Un episodio simile si è verificato anche per le uve da tavola pugliesi. In una nota insegna di supermercati, nel reparto ortofrutta e in corrispondenza del prodotto in esposizione, sono stati appesi dei cartelli in cui vengono indicate alcune varietà di uve, la loro stagionalità e le principali caratteristiche, al fine di informare i consumatori e guidarli nella migliore scelta d'acquisto. Tra le tipologie riportate: Italia, Red Globe, Palieri, Pizzutella, Crimson e altre cultivar. (Nella foto a lato, cartelli apparsi in un supermercato del sud barese).
A tal riguardo, Donato Fanelli, noto imprenditore pugliese, ci spiega: "Molto bene l'iniziativa della catena di Gdo. Finalmente, qualcuno della filiera che ha capito quanto sia importante la comunicazione. Non dobbiamo aspettare però che siano i retailer a occuparsi del marketing delle uve. È giusto che lo facciano le aziende che producono e che le commercializzano, anche per capire al meglio verso quali varietà sarebbe opportuno spingere di più e su quali invece no. Il problema è che c'è troppa confusione varietale: ogni anno vengono lanciate tante nuove cultivar e "rottamate" poche altre, che spesso hanno scritto la storia di alcuni territori. La promozione e la valorizzazione deve partire dagli operatori verso i distributori, per poi indirizzarsi ai consumatori. Servono fondi per pubblicizzare sia su emittenti radiofoniche o televisive sia sui social network, per tutto il periodo di raccolta e commercializzazione, quelle che sono le caratteristiche delle diverse varietà per spingere il consumatore ad acquistarle".
Fanelli ci riferisce che al momento sono circa 180 le nuove selezioni e varietà tra uve bianche, rosse e nere senza semi. "Qual è il percorso da intraprendere per valorizzarle?
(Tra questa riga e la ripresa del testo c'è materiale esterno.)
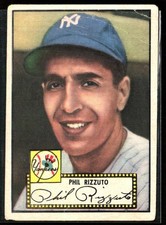 Phil Rizzuto 1952 Topps Black Back #11 New York Yankees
Mentre le altre filiere si concentrano nella creazione di brand, pensiamo ad esempio alle mele o alle pere, aumentando anche la customers experience, sulle uve ancora non abbiamo chiaro neanche cosa coltivare, nonostante sia il secondo prodotto più esportato. Il rischio è di ritrovarci con un prodotto privo di identità, che non ha distinzione sui mercati, quando invece chi le ha brevettate e chi le ha coltivate ci ha speso tempo e denaro proprio per determinate caratteristiche produttive e commerciali. Non prendiamo come riferimento la campagna in corso. Quella di quest'anno è infatti un caso a parte, utile a curarci le ferite delle passate stagioni. E' come andare in barca a vela con 3mila nodi: la navigazione è assicurata".